具体的な策定の作業させられている市民委員会に対して、これらのエスタブリッシュメントの発言は、何にもならないし意欲をそぐだけである。
また、同時に市職員で構成される庁内検討委員会の修正案も出てきた。かなり物言いが絞られていたが、いくつか見過ごせない修正案もあった。市民委員も策定委員も自分の発言は公開されているが、庁内検討委員会はどこのだれが修正案を出したのか明らかにしていない。市民委員会との事前協議もない。
市民参加の計画づくりの体制を守るためには、市職員が職務上の匿名性において市民委員会の結論を自由に修正することを認めてはいけない。

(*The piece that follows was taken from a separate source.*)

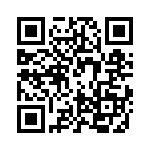 PE-53188NLT QRCode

私は修正案を出した課名を明らかにさせた。余談だが公園緑地課の修正案はなかなかの変化球で、意図している方向になるともならないとも言えるが、市民として反対しにくい修正だった。すべてを認めるわけにはいかないが、この頭の良さは評価したい。
庁内からの修正案の中には、「~づくり」や「推進」という結語の後に、「のために検討する」を付けるような修正が半分ぐらいあった。医師会出身の委員さんが「検討する、なんてやらないということですよね。よってそういう市側の修正は認めないこととしたいのですが」という発言があり、検討するをつける修正はすべて却下された。医師会のことをあれこれ言ったが、こうした適切な発言に深く感謝したい。
また、先に挙げたように委員会で混乱させるような発言に対して、当事者団体の委員の方がピシッと締めるような意見を言ってくださった。この方には市民委員会と兼任の委員一同でお礼をした。
適切な修正をしていただいた委員もいた。市民委員が大慌てでまとめたものだから、そうしたことにフォローをされることに感謝ばかりだ。
市のエスタブリッシュメントには、混乱しか生まない議論をしたがる人がいて、あまりにも多く発言する。今後の市は市民参加を進めようとしているが、こうした人たちがいやな思いをまき散らさないような工夫が必要だ。
その一方で市民委員会の努力や、当事者に近づこうとする意欲を評価して、きちんと対応された方がいる。その方々には感謝したいし、これからもいろいろ期待していきたい。